Nuestra opinión: muy bueno

Orfeo y Eurídice es, vaya novedad, una obra maestra. Sin embargo, el nombre de la ópera no se ajusta con exactitud a sus contenidos. El libreto de Raniero Calzabigi está lejos de narrar los pormenores de la vida de la pareja para detenerse, casi obsesivamente, en las tribulaciones del pobre Orfeo. Un título más acorde a esta situación hubiera sido "Orfeo con Euridice". Y esto viene a cuento para tomar cabal noticia de que el papel de la pobre esposa fenecida es realmente secundario, algo a lamentar si quien la representa es Virginia Tola, una cantante superior, una soprano maravillosa a quien, lamentablemente, sólo se la puede escuchar en el tercer acto. Y para que quede claro, tal afirmación no debe ser entendida en menoscabo de Franco Fagioli, un Orfeo dignísimo que paseó, con musicalidad, sus angustias de principio a fin.

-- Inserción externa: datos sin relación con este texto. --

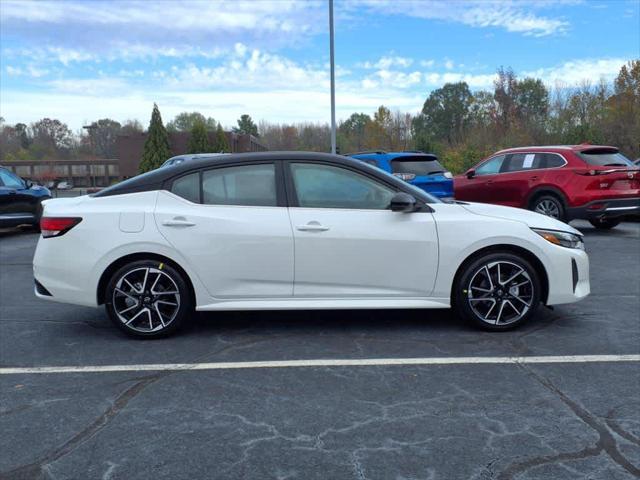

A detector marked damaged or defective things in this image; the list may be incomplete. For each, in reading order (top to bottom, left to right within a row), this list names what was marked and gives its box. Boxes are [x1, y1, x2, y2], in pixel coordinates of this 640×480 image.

cracked pavement [0, 220, 636, 476]
pavement crack [3, 372, 162, 480]
pavement crack [500, 364, 640, 480]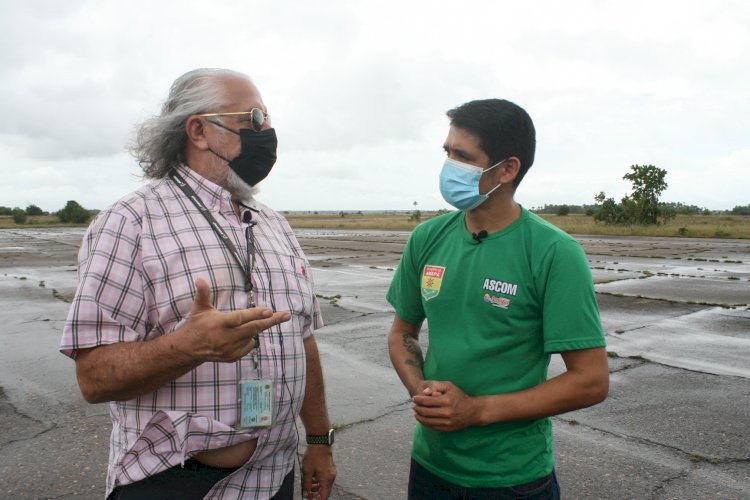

En realidad, la concreción musical fue lo mejor que pudo apreciarse en esta puesta de Orfeo y Eurídice . Östman, con pericia y conocimiento de estilo, aligeró las densidades de la orquesta y escogió tempi muy acertados para que el canto pudiera fluir cómodo. El Coro, del mismo modo, no atronó ni se regodeó en sonoridades extemporáneas, ya sea que estuviera ubicado sobre el escenario o en el mismo foso, junto a la orquesta. Y sobre esta base, los tres cantantes lucieron a pleno. Fagioli, cuya presencia escénica es permanente, fue capaz de sostener su personaje a pleno canto, sin denotar ninguna complicación en alcanzar los dos extremos del registro. Salvo algunos mínimos y ocasionales deslices de afinación que tuvieron lugar en esas cadencias en las que se debe florear en soledad, el contratenor se dedicó a causar placer sonoro al público a partir de sus dolores. Paula Almerares estuvo sumamente correcta en sus únicas dos intervenciones, en el primero y en el último acto. Y Virginia Tola, definitivamente, sonó a poco. Su voz lució magnífica, plena, potente, muy bien manejada y absolutamente exquisita, musical y cambiante. En su único parlamento de mujer que exige atención, Virginia demostró toda su capacidad artística y la plenitud de una voz que, se insiste, fue una pena que sólo hubiera estado al servicio de un papel casi secundario.

La puesta en escena de Roberto Oswald fue, como siempre, impecable y eficiente. Pero cuesta entender su estética y los elementos con los cuales escogió recrear este argumento. Como en las superproducciones cinematográfica de hace varias décadas, Oswald recrea a la antigüedad como un ámbito lujoso, majestuoso y apabullante. Todos, salvo Orfeo, lucen vestidos de fiesta lujosa, con abundancia de velos, tules, sedas, guirnaldas y la lira del cantor de Tracia reluce a puro oro. El escenario es majestuoso, con una escalinata por la que todos los que suben y bajan lo hacen con pasos de gran gala, un recurso repetido hasta la obsesión. En el mismo sentido, puede también inscribirse la reiteración en el uso de dos larguísimos velos, uno blanco, el otro negro, de simbolismo casi pueril, y el cuadro final, un lugar común de grandilocuencia, con Amor, arriba de todo, en un pedestal, con sus brazos extendidos, y la pareja, ya felizmente reencontrada, en el centro del escenario, los tres, rodeados por una multitud de bailarines, mimos y cantantes prolijamente ubicados en cuanto lugar hubiera, todos vestidos de gran fiesta, con un blanco general inmaculado. También es necesario señalar que la construcción, el cuidado y el desarrollo técnico no admiten reparos. Sólo que, tal vez, en contra de lo que el mismo Oswald escribe en el programa de mano, esta parafernalia visual sí puede interferir en el devenir de la música y el canto.